(Prompt):
Below are some records. Print exactly the lines between the one holding "Borador Dogs for" and the one holding "what causes knee pain and hard muscle", inclusive, and nothing else.

(Excerpted data):
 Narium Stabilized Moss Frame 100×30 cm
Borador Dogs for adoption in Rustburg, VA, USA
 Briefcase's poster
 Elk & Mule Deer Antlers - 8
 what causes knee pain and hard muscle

--

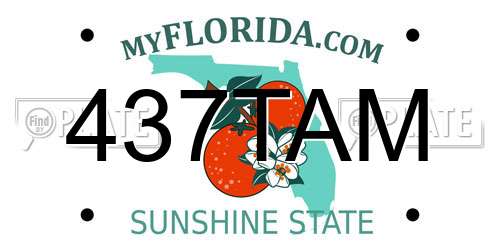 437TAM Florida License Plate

--

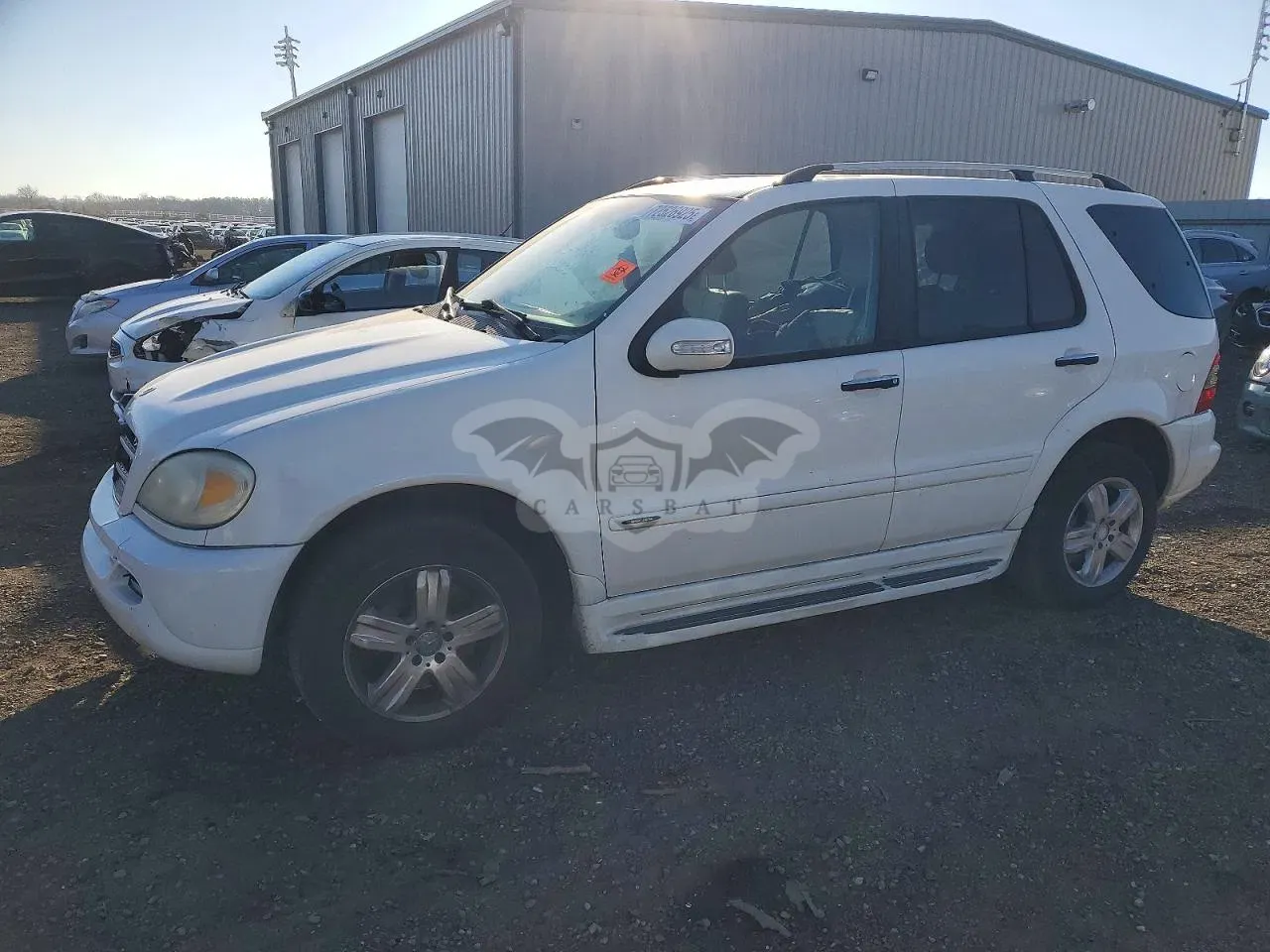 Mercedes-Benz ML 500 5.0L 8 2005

(Answer to this task):
Borador Dogs for adoption in Rustburg, VA, USA
 Briefcase's poster
 Elk & Mule Deer Antlers - 8
 what causes knee pain and hard muscle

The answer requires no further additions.